Kuvvet çizgileri bilirler ki “Şimdiki biçimi bakımından bu dünya mümkün olan tek dünya değildir” (Klee) ve başka bir dünyayı mümkün kılacak olanlar kudretsiz figürler değil, kendileridir. Oysa figürlere kalsa, yaşadıkları dünya mümkün dünyaların en iyisidir; kimliklendirilmiş biçimlerin dünyası. Kimlik reyonlarını gezebilir, kataloglardan kimlik seçebilir ve istedikleri kimliği satın alıp sırtlarına geçirebilirler. Formlar dünyasında özgür hissederler kendilerini. Üstelik sırtlarına geçirdikleri her formayla birlikte kimlikleri daha da zenginleşir. Formalara şirketler musallat olmuştur çünkü. Ve figürlerin bedenleri bir süre sonra şirket logoları tarafından işgal edilir. Figürler, devlete ve şirketlerine yakalanmış ve sömürgeleştirilirmiş araziler. Çizgiler ise kaçaklardır; kapatılmaktan, sömürgeleştirilmekten, kanundan, yerleşik düzenden kaçan göçebeler. Onlar için özgürlük henüz mevcut olmayan ve asla yakalanmayan yeni biçimler üretebilmektir, yakalanacaklarını anladıkları an biçim değiştirebilirler. Yoksa başka bir dünya nasıl mümkün olabilir ki? Devlet kalıcı biçimlerle iş görür ve politikası, göçebe çizgileri yerleştirmek, onlara nihai biçim ve kimlik vermek, kimliklere sponsor şirketler tayin etmektir.

Yeryüzünde her yöne doğru kaçabilen, farklı zaman ve mekânlar arasında seyahat edebilen çizgiler yakalandılar ve bir merkezin etrafında yörüngeler çizmeye zorlandılar. Figürlerin dünyasında her şey iktidar merkezi etrafında döner; zaman ve mekân kapatılmıştır. Zamanı, figürlerin merkez etrafındaki dönüş hızları belirlerler, döngüseldir ve dünyanın gidişatına boyun eğdirilmiştir. Dünyanın gidişatına merkezdeki iktidar karar verir. Yörüngelerden ve yörüngeler üzerine yerleştirilmiş figürlerden oluşan bir güneş sistemi. Ya da dolap beygirleri düzeni.
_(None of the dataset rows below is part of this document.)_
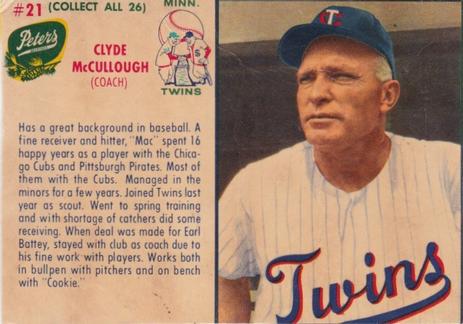 Clyde McCullough #21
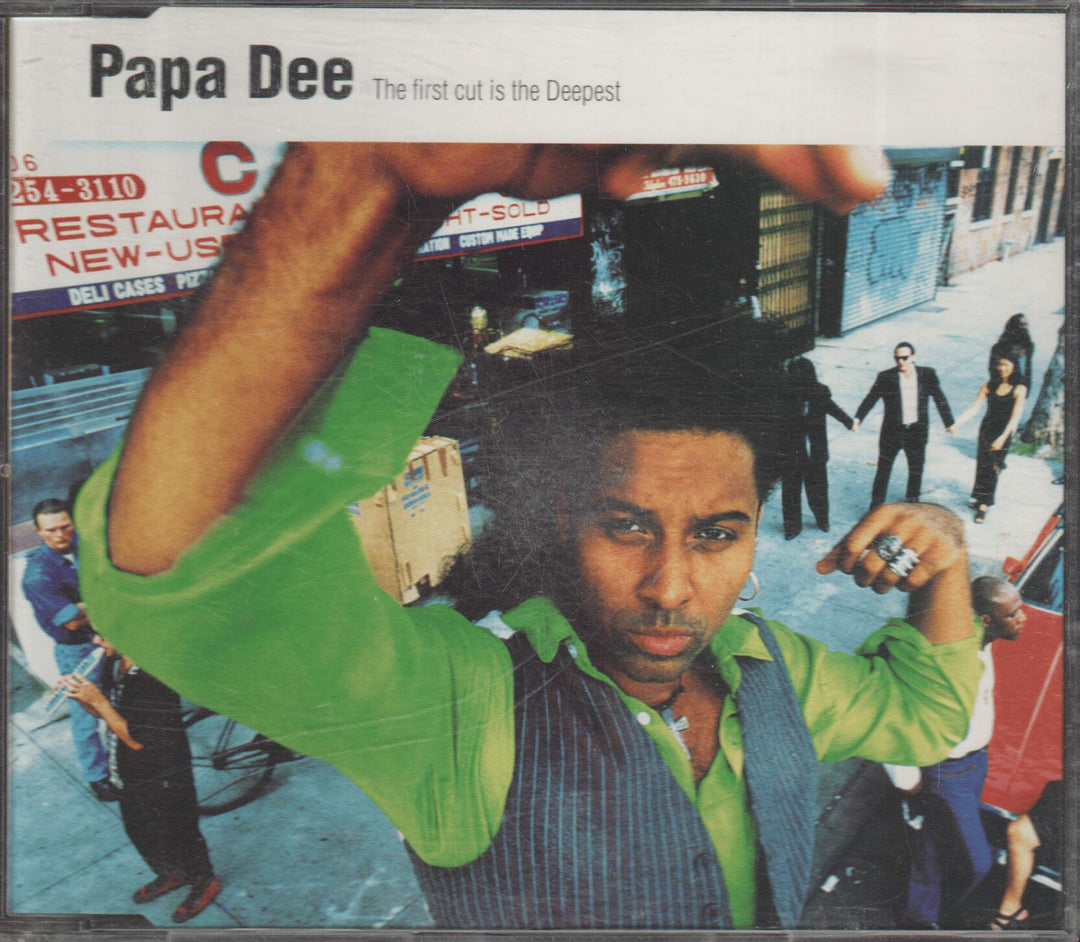 Papa Dee - The First Cut Is The Deepest. 1995. CD-singel.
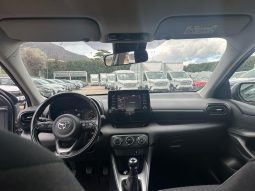 TOYOTA YARIS 1.0 ACTIVE GRIGIO pieno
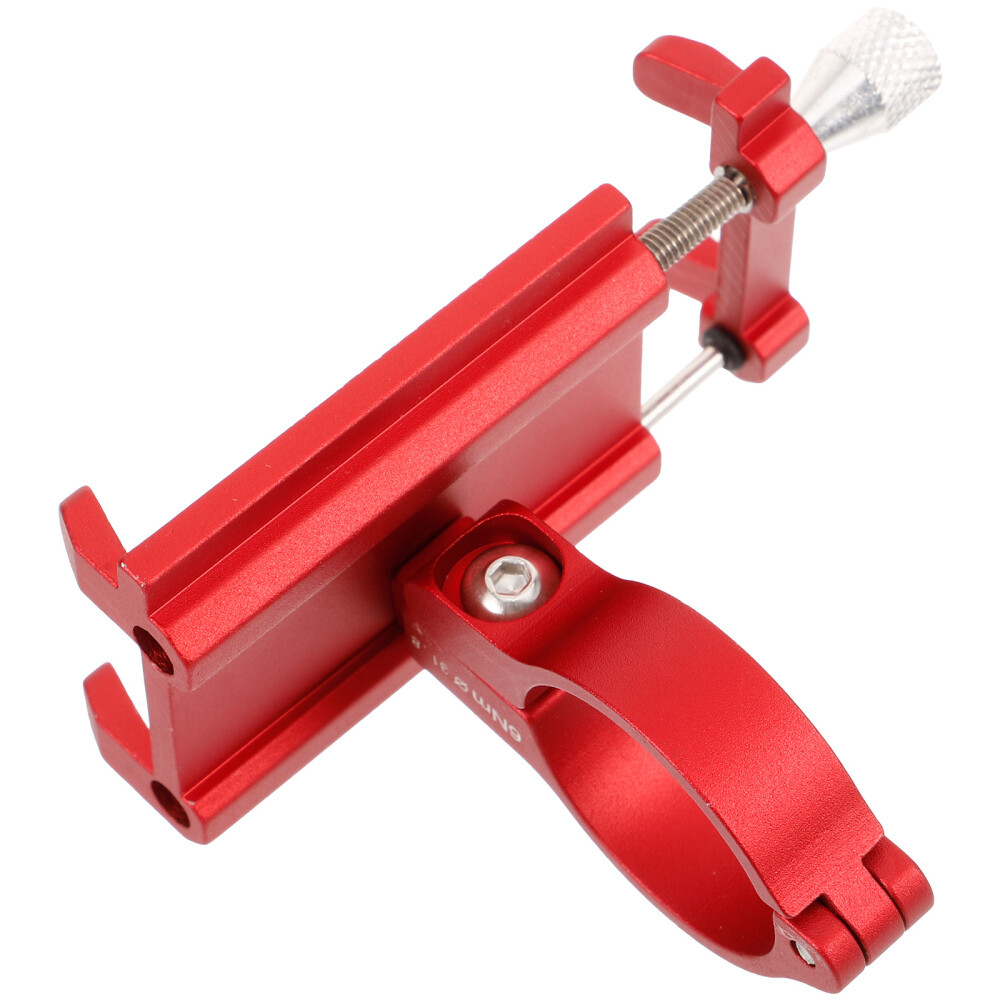 Cell Phone Mount for Bicycle Vibration-reducing Holder Weatherproof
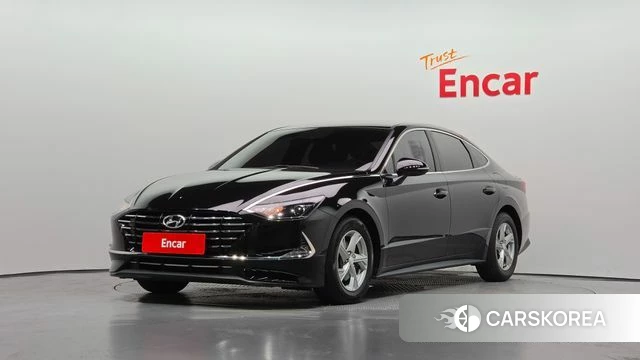 Hyundai Sonata (DN8) 2021 Черный из Кореи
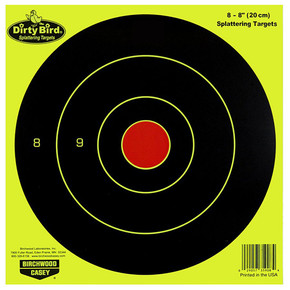 BC DIRTY BIRD YELLOW 8 BULLS-EYE TGT 50PK BC 35950 BC DIRTY BIRD YELLOW 8 BULLS-EYE TGT 50PK BC 35950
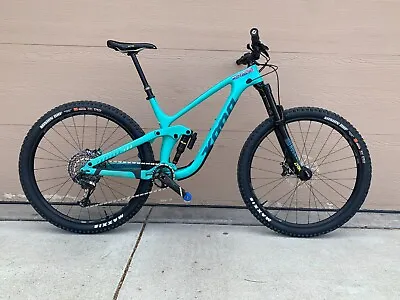 2019 Kona Process 153 29 Carbon Mountain Bike Large. New E.13 Wheels Upgrades • $2750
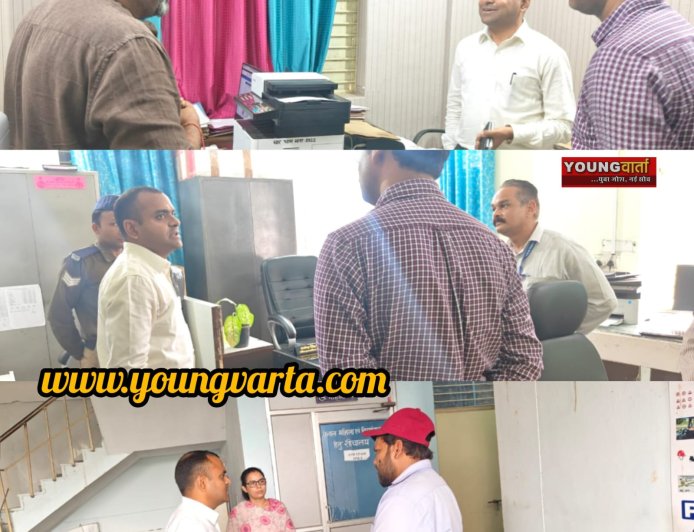 जिलाधिकारी मयूर दीक्षित ने किया एआरटीओ कार्यालय हरिद्वार का औचक निरीक्षण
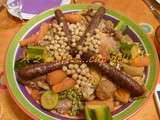 Couscous maison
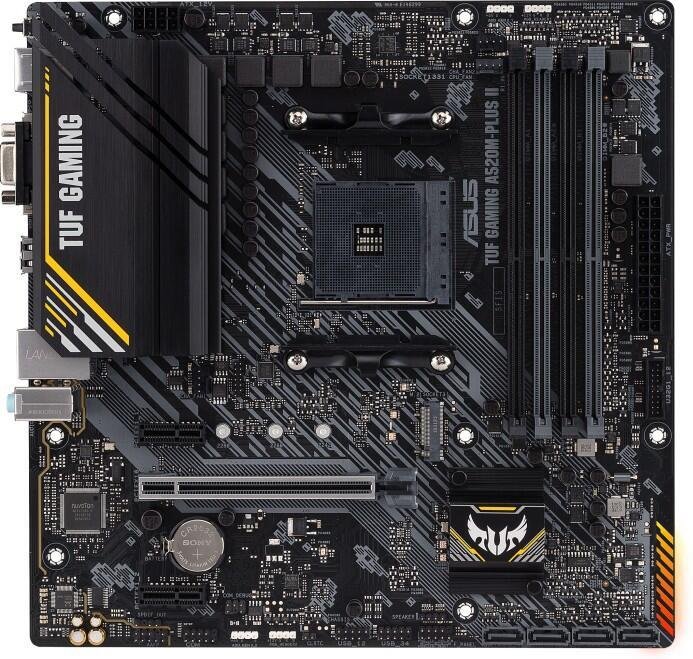 Thumbnail - ASUS TUF A520M-Plus II Gaming Mainboard Sockel AM4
Figürler, merkezin çekiminden kurtulabilir, yörüngelerinden çıkabilir, biçimlerini bozup kuvvet çizgilerine dönüşebilir, zamanlarını ve mekanların çoğaltabilir, başka bir dünya kurabilirlerdi. Fakat bu, güneş sisteminin ve merkezde oturan, dünyanın gidişatını yön veren Güneş-kralın felaketi demektir, figürlerin değil.

***

İktidarın kozmik düzeninde olup bitmiş, son şeklini almış biçimler vardır. Ve iktidar için bu biçimler ve biçimlerin yörüngelerinde dönmeleri doğaldır. Bir sanatçı gibi hissedebilseydik şayet, biçimin değil, biçimlendirici kuvvet çizgilerinin doğallığını fark edebilirdik. “Öncelikle sanatçı, doğal biçimlere büyük önem yüklemez, çünkü sanatçı için nihai biçimler yaratım sürecinin gerçek öğeleri değillerdir. Sanatçı nihai biçimlerin kendilerinden daha çok biçimlendiren kuvvetlere değer yükler” (Klee). Kapatıldıkları kısır döngüden dolap beygirlerini, kurtarsa kurtarsa kuvvet çizgileri kurtarabilir.